Real Estate Investment Questions You Must Ask Yourself
If you are considering investing in a multi-family building, you must do some self-reflection first. You need to be realistic when determining what you can handle. First, you must determine whether you are a passive or active investor. As a passive investor, you’ll be more than happy to hire a property management company to run the day-to-day operations of your new purchase. You don’t want to be involved in those mundane tasks. If you want to be more hands-on and be heavily involved in your multi-family investment, you would be an active investor. Defining yourself in this way makes a huge difference for how you should plan the management of your building.
You should also take into consideration your years of investing experience and goals for the property. If you’re a beginner investor, it would be smart to confer with more senior investors. They can help you create a strategy, and you can go to them with questions. Your goals for the property shouldn’t be overlooked either. If you want to build a wealth portfolio with this investment, you will treat it differently than if you considered it as a savings account.
The final question you must ask yourself before you buy a multi-family property is who is on your core team roster? Your core team is made up of realtors, mortgage brokers, a property management company, bankers, and lawyers. They all will help advise you on several different areas to ensure your investment is successful. Having this go-to core team will greatly impact your experience as a multi-family property investor.
The Long-Term Multi-Family Building Advantage
In several of our past blogs, we’ve highlighted the differences between long-term multi-family investment and short-term investments. There are key differences that investors get with a long-term strategy that a short-term property hold doesn’t. When you’re invested for the long-term, your multi-family property can better weather market fluctuations. You have time to wait for the market to bounce back again. This fact is especially true for multi-family investments in large cities like Edmonton. There will always be a greater future demand for rentals than there is in the present. There will always be a need.

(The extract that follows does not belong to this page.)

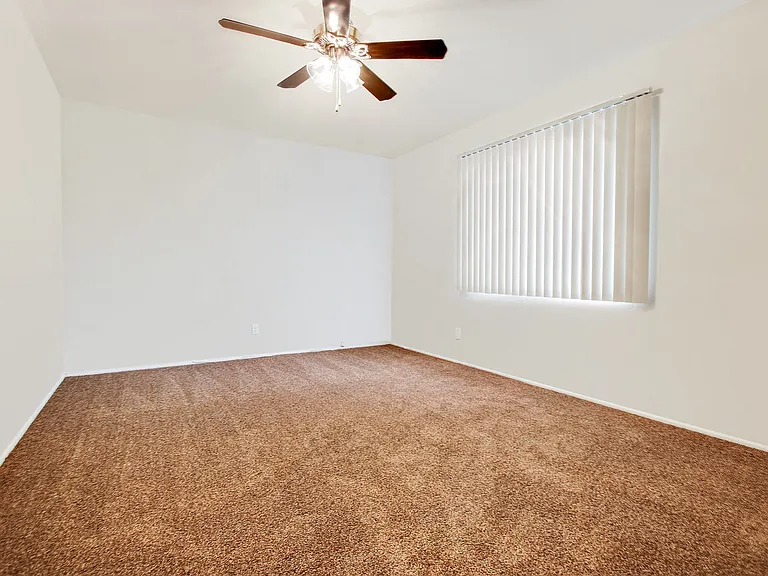 Bedroom with carpeted floors, ceiling fan and vertical window blinds on the right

However, a long-term multi-family investment isn’t without disadvantages of course; nothing can be perfect. With a long-term investment such as this, investors will find that their ROI will be delayed a bit. Their capital will be locked into the investment for some time, and it will take a few years before they see any results or significant ROI.
Expectations for a Long-Term Multi-Family Building
Before committing to a long-term multi-family building, you need to ask yourself these questions because your answers will define what your plan should be. Your core team will help you iron out the details. If you disclose your future plans and goals to them, they can advise you on what properties you shouldn’t buy and which ones would be ideal for you. They can put your expectations in place and execute your final management plan. If your plans are too different for the property, your core team will help you realize this before it’s too late to do anything about it. It’s critical that you include them in your future plans so they can help you plan accordingly.
Real estate investing requires some form of self-discovery. With the realizations that come with that, you can then start to put a long-term strategy in place for your multi-family investment. Having a core team to help you along the way is imperative and will drastically increase your likelihood of success.